All that is needed is the line containing "vooki Resistant Bowl" together with each line after it, transcribed exactly to the end of the records.

Source data START

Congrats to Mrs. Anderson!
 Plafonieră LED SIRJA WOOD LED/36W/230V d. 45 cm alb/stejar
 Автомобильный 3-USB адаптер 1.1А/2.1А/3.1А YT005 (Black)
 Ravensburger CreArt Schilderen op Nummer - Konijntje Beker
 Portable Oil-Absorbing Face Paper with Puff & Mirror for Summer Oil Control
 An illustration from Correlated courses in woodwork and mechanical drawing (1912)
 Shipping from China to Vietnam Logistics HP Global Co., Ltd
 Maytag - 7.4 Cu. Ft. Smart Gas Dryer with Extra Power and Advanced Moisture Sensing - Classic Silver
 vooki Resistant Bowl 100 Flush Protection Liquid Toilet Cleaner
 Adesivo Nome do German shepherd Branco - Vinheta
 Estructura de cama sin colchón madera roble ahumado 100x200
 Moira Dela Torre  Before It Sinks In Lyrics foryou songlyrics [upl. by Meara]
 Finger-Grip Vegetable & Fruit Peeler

Source data END

Result of the exercise:
 vooki Resistant Bowl 100 Flush Protection Liquid Toilet Cleaner
 Adesivo Nome do German shepherd Branco - Vinheta
 Estructura de cama sin colchón madera roble ahumado 100x200
 Moira Dela Torre  Before It Sinks In Lyrics foryou songlyrics [upl. by Meara]
 Finger-Grip Vegetable & Fruit Peeler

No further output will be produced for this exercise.